Of course I loved reading the Little House books, and would re-read the year’s book several times before my birthday rolled around again. There was no question of “jumping ahead” in the series and taking out the next one from the library. For that entire year I lived with whatever adventures the Ingalls' family were undertaking as I waited for the next installment to arrive in early March.
Books were my preferred friends and companions in those days. I was a quiet only child, growing up in a suburban Catholic neighborhood, surrounded my families of five, six, seven, children. Although I enjoyed playing with other children, I was happiest curled up somewhere with a book. I felt connected to the characters in books the way I didn’t always feel connected to the living, breathing children in my neighborhood or classroom. That’s the wonderful thing about books - they connect us to people and experiences and worlds we might never otherwise consider. They invite us to question and explore, they give solace and support.
At least they always have for me.
I still have all those Little House books, the hardcover editions, on a special shelf downstairs. My son wasn’t particularly interested in them, which isn’t surprising. He loved mysteries and ghost stories and, later, satire and Star Trek. I kept his favorite books from infancy through childhood, and parcel them out to my grandson at appropriate times. I don’t have any illusions that my grandson will care about Laura and Mary Ingalls either, so I suspect those books will stay with me until someone packs up my final effects.
People rarely buy me books anymore, which I completely understand. Even though books are my favorite gift (aside from jewelry) how would anyone know what I’ve read and what I haven’t? My mother often gives me Barnes and Noble gift cards which are a fine substitute, and I judiciously hoard them to use on titles I know I want to maintain in my permanent library.

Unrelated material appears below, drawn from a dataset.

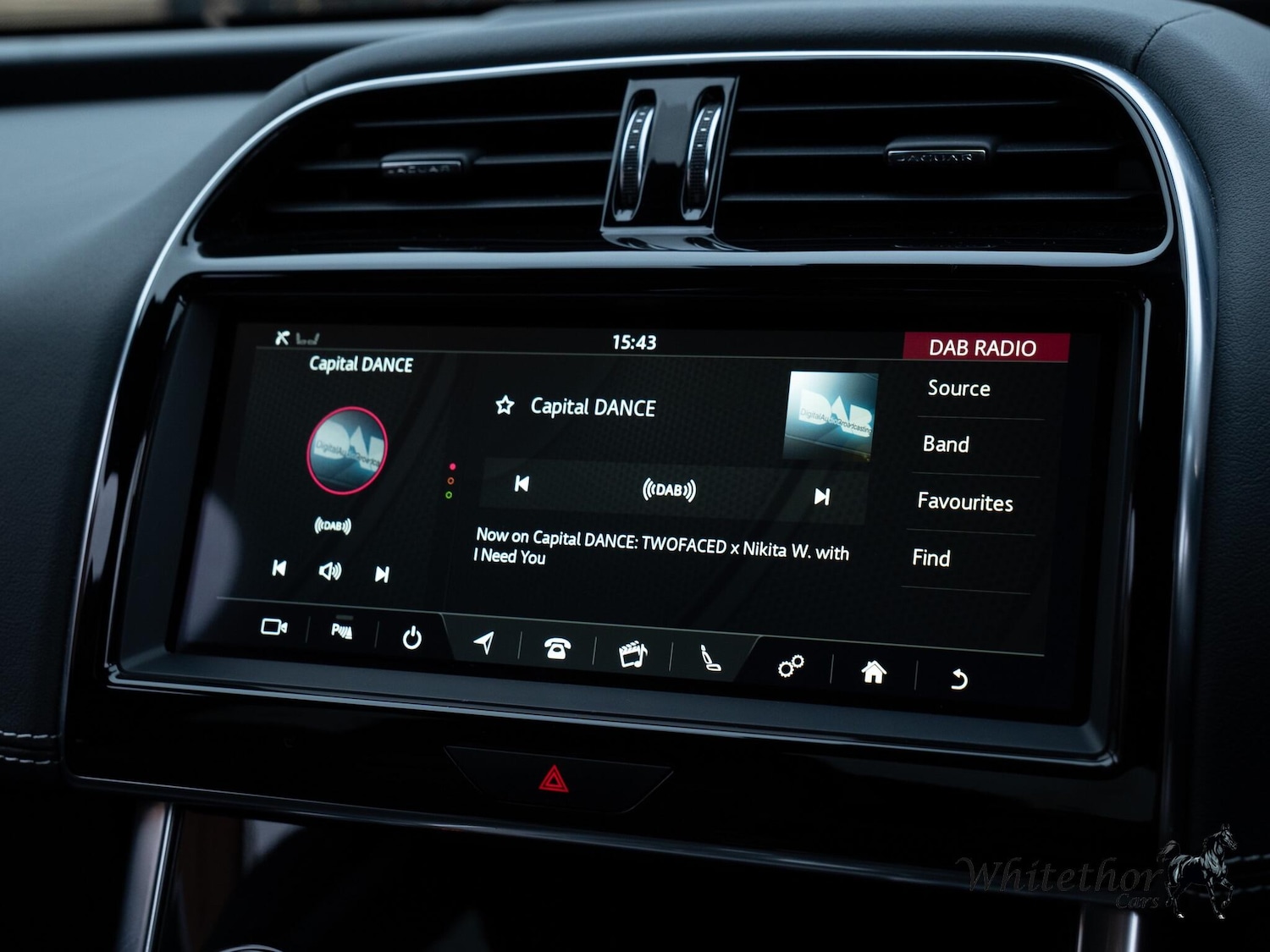 Used Jaguar XE 2020 for sale - 76992860: Photo 51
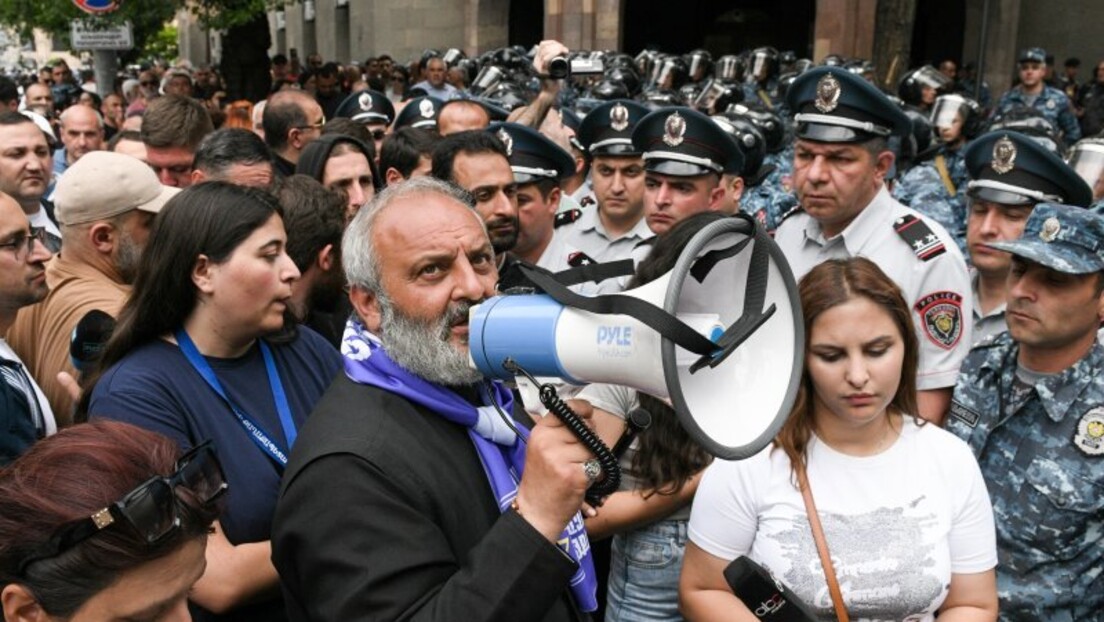 Криза у Јерменији: Партнерство са САД, напуштање ОДКБ-а и протести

One of the most meaningful bookish gifts I ever received was from my husband, many years ago. We were in our early 30’s at the time, he was working long, hard hours and I was finishing up my college (I did go, but in fits and spurts over a period of 10 years). The book was The Collected Poems of Sylvia Plath; this purchase was touching evidence that despite his busyness and preoccupation with his own work, he had paid attention to my interests of the time.
I’ve kept that book as well, even though I never read the poems anymore.
All this to say, tomorrow is my birthday, and there are a couple of books I’m coveting for myself this year. One is A Spool of Blue Thread, Anne Tyler’s latest (and she says her Last) novel. The other is Kristin Hannah’s The Nightingale, which many people have said moved them to tears. I am thinking of starting my own birthday book buying tradition, taking myself to the bookstore tomorrow and purchasing a gift from me to me.
I’m also inviting you to my bookish birthday celebration and giving away one copy of my own book, Life In General. Enter to win by leaving a comment here - tell me about your favorite bookish gift, or simply say “I’m in.” A winner will be chosen by random drawing on Sunday, March 15.
And whatever you’re reading this Sunday, may it connect you with satisfying thoughts, ideas, and emotions.